La salvó el Lake Champlain. Al repartir las dos viejas torretas Falange entre el segundo misil y el tercero, el capitán del Champlain esperaba contra toda esperanza salvar al Roosevelt del golpe mortal que iban camino de asestarle.
Otro misil, que apuntaba directamente al Champlain, lo estaban rastreando sus viejos pero fiables misiles estándar Raytheon RIM-161. La nave empezó a lanzar los misiles tierra-aire tan rápido como su cargador automático podía desplegarlos. De forma simultánea empezaron a explotar desechos y bengalas que salieron de sus tubos en un intento de confundir al Sunburn que se acercaba.
El primer misil estaba cruzando el punto sin retorno rumbo a la Falange delantera. Los cartuchos de uranio empobrecido se repartían como agua de una manguera de jardín en busca del proyectil. El misil crucero apareció de repente en los últimos segundos de vuelo gracias a las órdenes que tenía programadas de apuntar a la cubierta de vuelo del Teddy. En el último momento, cinco de los más de ocho mil cartuchos de uranio que había en el aire golpearon al gran misil justo en el centro y explotaron a más de veinte metros de la gran estructura central del portaaviones. El fuego y la metralla del impulso que llevaba el Sunburn extendieron la destrucción hasta la zona del puente de mando del portaaviones justo cuando volvía a enderezarse tras el primer impacto.
El segundo misil seguía al primero de cerca, y justo cuando el Roosevelt se acomodaba y sus hélices de bronce golpeaban el mar, luchando por cobrar velocidad, el misil lo golpeó en la popa. No hubo detonación. Al Roosevelt lo había alcanzado un proyectil que no estalló. Gracias al Champlain, se salvaron miles de hombres.
El Lake Champlain no tuvo tanta suerte. Intentaba girar a babor cuando lo alcanzó el cuarto misil coreano. La explosión resultante rasgó la sección central y reventó el otro lado. El peor efecto fue la trayectoria descendente de la onda expansiva de destrucción, que encontró un agujero en el diseño del barco: el túnel que enviaba los misiles al cargador automático. Los misiles americanos estallaron en la zona de carga principal del crucero y el resto de la energía bajó hasta las entrañas del orgulloso buque de guerra. La energía cinética se estrelló contra la cubierta inferior y desintegró placas de acero reforzado hasta que al fin encontró la quilla. La gruesa columna vertebral de acero se partió por la mitad como una frágil ramita. La oleada de agua inundó la mitad delantera del Lake Champlain y la hundió, dejando a la popa para alcanzarla.

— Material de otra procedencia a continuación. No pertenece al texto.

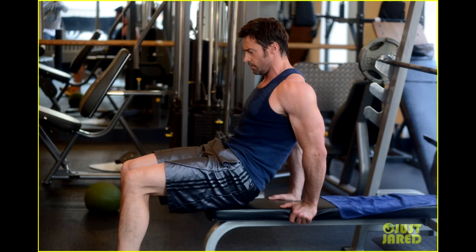Monday, Day 1 — Chest: four sets of incline dumbbell press of 10 reps, four sets of barbell bench press of 10 reps, and four sets of cable crossover of 10 to 12 reps.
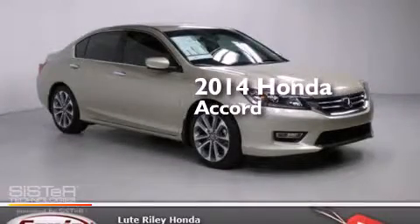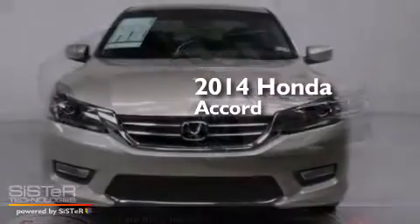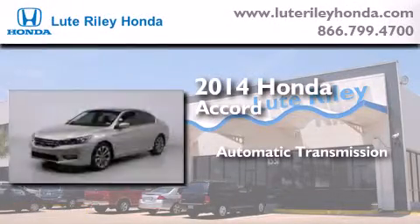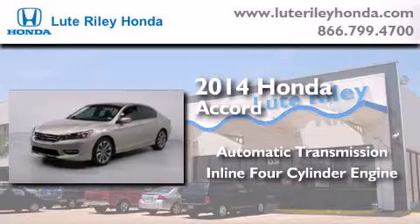This is a brand new 2014 Honda Accord. This four-door sedan has an automatic transmission and an inline four-cylinder engine.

A tres kilómetros de distancia, el USS Theodore Roosevelt flotaba muerto en el agua con incendios fuera de control bajo las cubiertas. Otros barcos comenzaron a acudir en ayuda de sus compañeros; la conmoción por el ataque coreano quedó sustituida de inmediato por la rabia ante lo que equivalía a un ataque por la espalda contra el destacamento.
La situación mundial iba empeorando poco a poco, según el plan. Entre tanto, al otro lado del océano y a medio mundo de distancia, la Coalición se estaba preparando para atacar otro barco, mucho más antiguo, que continuaba en la lista activa de la Armada estadounidense; el USS Arizona.